Back in Gary, Melton says he believes the city is a “blank slate.” That’s both literal and figurative — tearing down abandoned structures means there’s room for physical new growth.

But he also sees a future where Gary sheds its past reputation and becomes a hub for new residents — while being an example of how to take care of longtime ones who have stuck it out through hard times and deserve to reap the benefits of growth.

Currently, he’s trying to negotiate a direct tax benefit to Gary from Nippon’s investment in Gary Works, which he said could be a “gamechanger” for the area, and make sure that the people he calls “legacy residents” aren’t displaced by new growth.

“I want Gary to be the model of how you do it the right way,” Melton said.

He isn’t alone in feeling optimistic.

On Gary’s South end, longtime resident and nurse Leah Lewis stands inside the exposed framing of a previously abandoned home that’s been torn down to the studs.

It’s part of the old Colonial Gardens neighborhood, soon to be transformed into a model home for a new 80-residence neighborhood that she’s working to build with her family, which owns Lewis Construction Corp. The project is her family’s way of giving back to the community, she said.

“It was a really open, friendly neighborhood,” Lewis said of what she remembers from her childhood. “It was a nice neighborhood, but a lot of things have changed over the years. So we’re just trying to revitalize (the homes) and keep some piece of Colonial Gardens here.”

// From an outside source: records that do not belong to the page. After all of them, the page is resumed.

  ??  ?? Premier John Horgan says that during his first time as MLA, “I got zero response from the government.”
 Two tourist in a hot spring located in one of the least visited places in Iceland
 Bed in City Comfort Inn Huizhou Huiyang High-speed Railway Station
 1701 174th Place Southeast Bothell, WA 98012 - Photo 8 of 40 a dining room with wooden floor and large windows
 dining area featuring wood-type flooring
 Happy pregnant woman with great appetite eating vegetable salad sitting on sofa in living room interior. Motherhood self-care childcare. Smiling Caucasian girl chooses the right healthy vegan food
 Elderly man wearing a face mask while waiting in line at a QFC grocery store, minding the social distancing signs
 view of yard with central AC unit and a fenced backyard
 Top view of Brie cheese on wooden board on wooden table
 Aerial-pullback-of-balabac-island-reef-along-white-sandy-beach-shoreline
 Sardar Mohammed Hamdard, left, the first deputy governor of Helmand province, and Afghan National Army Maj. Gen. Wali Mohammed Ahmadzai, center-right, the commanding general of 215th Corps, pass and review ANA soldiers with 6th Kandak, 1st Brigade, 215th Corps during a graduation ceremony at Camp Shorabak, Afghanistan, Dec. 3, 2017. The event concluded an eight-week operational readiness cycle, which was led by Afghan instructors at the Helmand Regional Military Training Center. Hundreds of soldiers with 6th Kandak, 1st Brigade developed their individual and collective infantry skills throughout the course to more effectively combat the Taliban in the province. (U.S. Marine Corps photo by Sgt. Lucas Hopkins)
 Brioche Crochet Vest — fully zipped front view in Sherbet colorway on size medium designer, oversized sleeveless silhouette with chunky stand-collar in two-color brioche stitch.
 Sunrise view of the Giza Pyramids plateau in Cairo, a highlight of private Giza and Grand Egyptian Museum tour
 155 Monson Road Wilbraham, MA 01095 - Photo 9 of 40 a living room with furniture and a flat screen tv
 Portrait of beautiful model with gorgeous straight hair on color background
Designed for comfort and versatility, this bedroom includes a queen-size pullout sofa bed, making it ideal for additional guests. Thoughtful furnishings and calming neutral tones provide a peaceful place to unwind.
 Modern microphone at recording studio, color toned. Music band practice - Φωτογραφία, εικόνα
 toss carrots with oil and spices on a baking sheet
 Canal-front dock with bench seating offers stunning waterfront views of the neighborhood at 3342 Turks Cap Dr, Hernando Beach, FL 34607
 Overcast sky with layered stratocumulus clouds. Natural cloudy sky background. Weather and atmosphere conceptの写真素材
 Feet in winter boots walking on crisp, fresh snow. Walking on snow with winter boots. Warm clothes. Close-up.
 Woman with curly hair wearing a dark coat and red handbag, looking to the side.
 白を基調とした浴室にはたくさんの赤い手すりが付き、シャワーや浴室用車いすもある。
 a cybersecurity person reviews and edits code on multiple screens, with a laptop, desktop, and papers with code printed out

Lewis’ family kept the bones of the structure intact, but nearly everything else has been removed. She envisions an open kitchen, taller ceilings, an inviting home for a young family or a senior. Right now, there’s just wood framing, an old bathtub and a roof.

Much like her city, its transformation lies ahead.

“It does feel like it’s changing in a big way,” Lewis said. “This could be a pretty different city in a few years.”

Contact senior government accountability reporter Hayleigh Colombo at hcolombo@indystar.com.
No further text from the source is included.